Ellie might regard him as a thorough-paced villain nowadays, but he had no intention of proving it by playing fast and loose with her reputation. He said his good-byes to his hostess and departed the ball, then he circled around to the back of the house, scaled the garden wall, and arrived at the little stone folly tucked away in a corner of Lady Atherton’s garden with a quarter hour to spare.
The minutes seemed to crawl by, and he couldn’t help but remember the many times he and Ellie had snuck away for rendezvous like this one.
No, he corrected at once, feeling a tinge of bitterness, not like this one.
He leaned his back against the solid stone interior of the folly, his gaze on the open doorway that led into the circular structure, his mind going into the past.
All the other times they’d met like this, they’d been mad with passion. Heedless, too, convinced that since they were to marry, the risks of being alone together were well worth taking. Now?

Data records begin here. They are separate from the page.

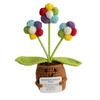 Handmade Yarn Crochet Potted Plant Craft Set Home Decoration Family Activity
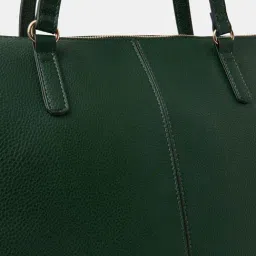 Accessorize London Green Textured Tote image 5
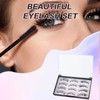 Landrain Pack of 12 3D Magnetic Lashes, Magnetic Eyelashes, Natural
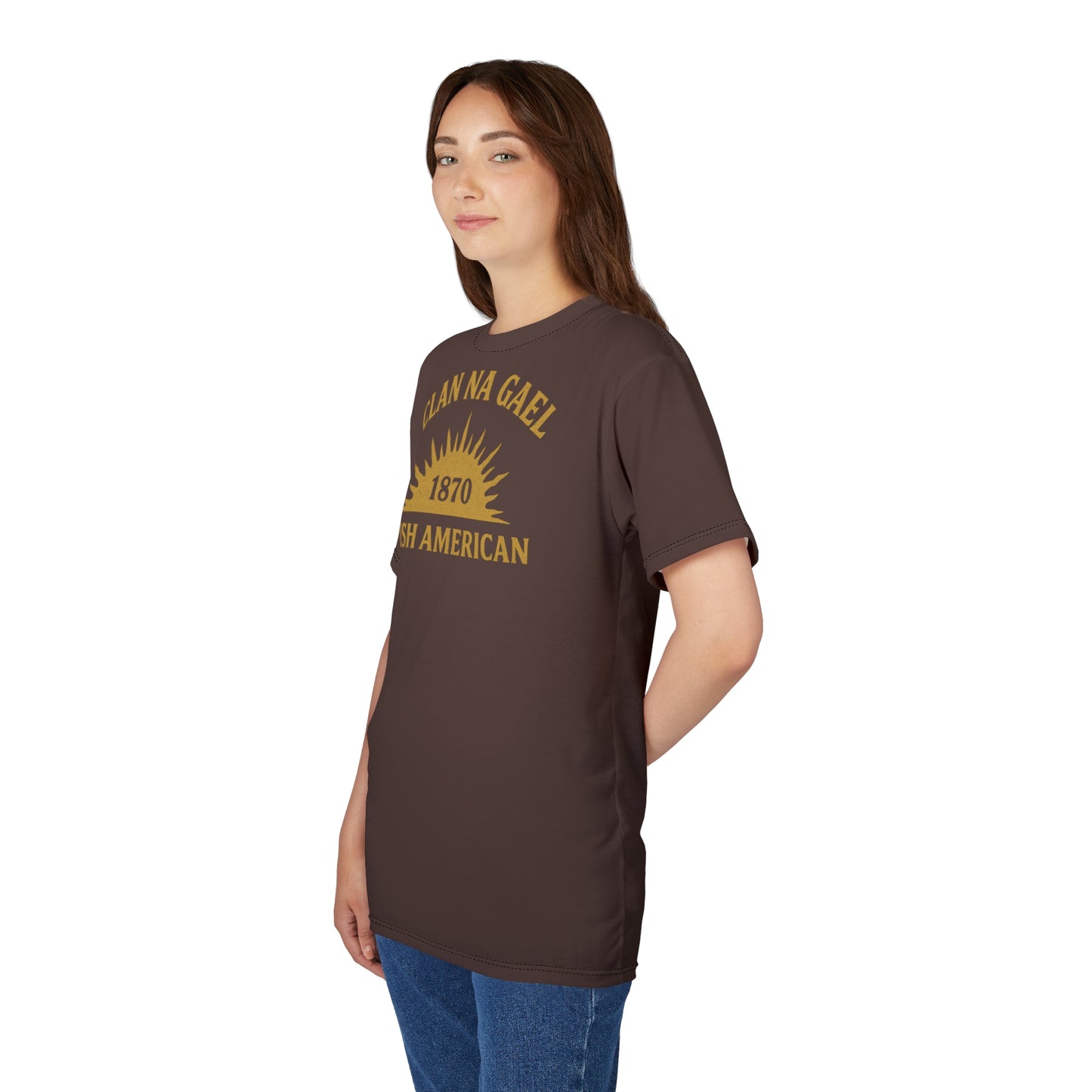 "Clan na Gael - Irish American", Unisex T-shirt (Wild Boar Brown)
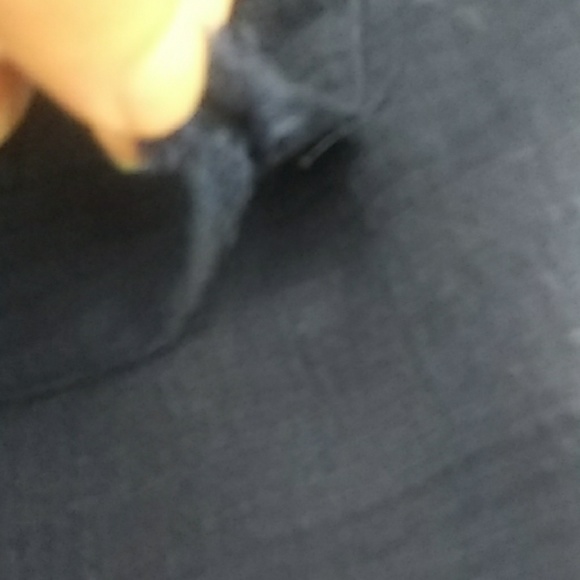 LA Made Navy Linen Smocked Beach Shorts - Picture 5 of 7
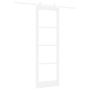 Puerta Deslizante con Juego de Hardware 'ORKDAL'Blanca de Madera Maciza y Vidrio de , Puertas para el hogar - Ref: Foro24-333...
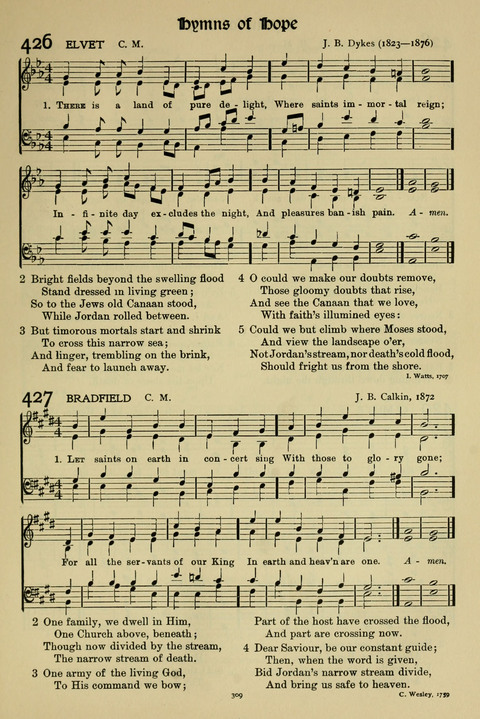 Hymns of Worship and Service: (12th ed.) page 309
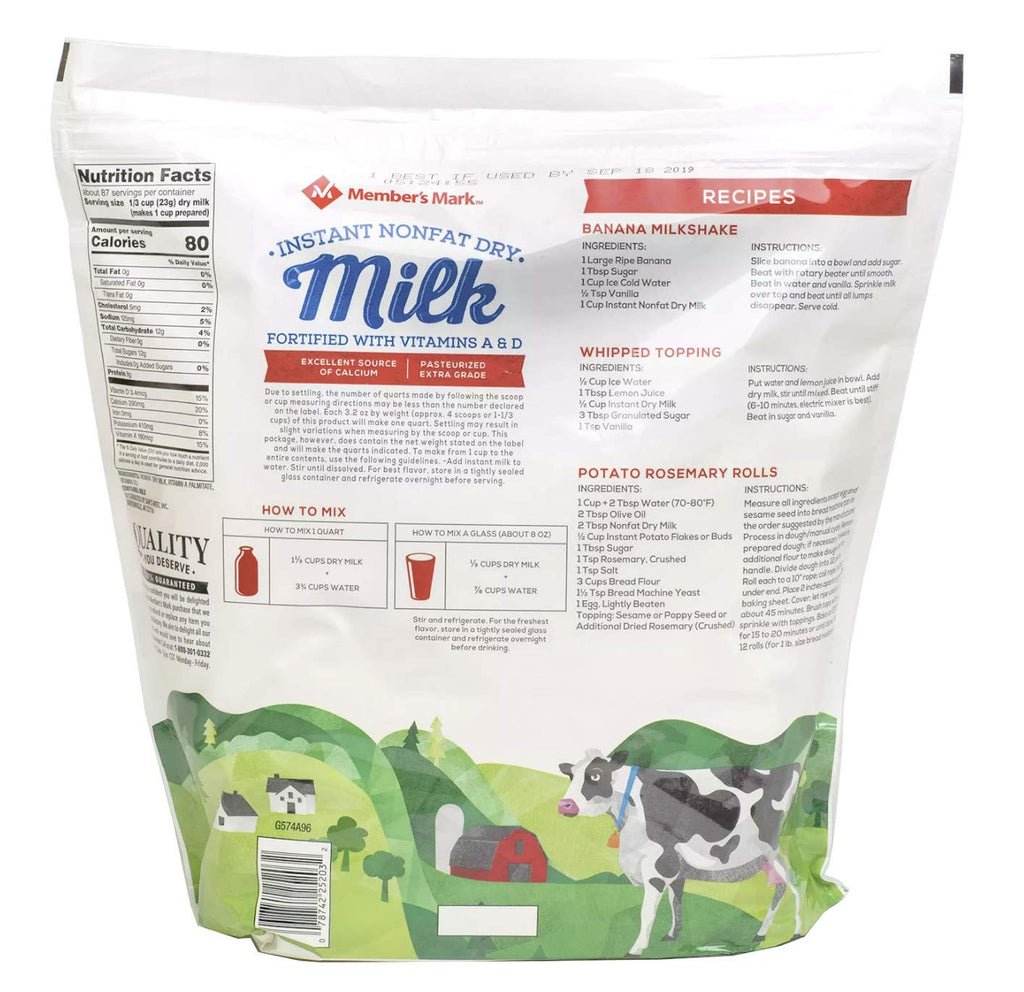 Nonfat Dry Milk with Vitamins A & D, 70.4 Ounce T784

Now, everything was different. Passion had given way to angry words and distrust, and they were no longer the reckless fools for love they’d been six months ago. Now they were two people standing athwart, their passion for each other torn asunder by their loyalty to others. There was no going back.
Sometimes, he wanted to. He’d often wished he had never been assigned to represent the Crown against the arsonist James Sharpe or that he’d listened to his story or taken that story to Peel, or run John Hammersmith to earth. He could have kept it all to himself and buried Daventry’s secret, and though he’d have had a cur for a father-in-law, he would at least have Ellie.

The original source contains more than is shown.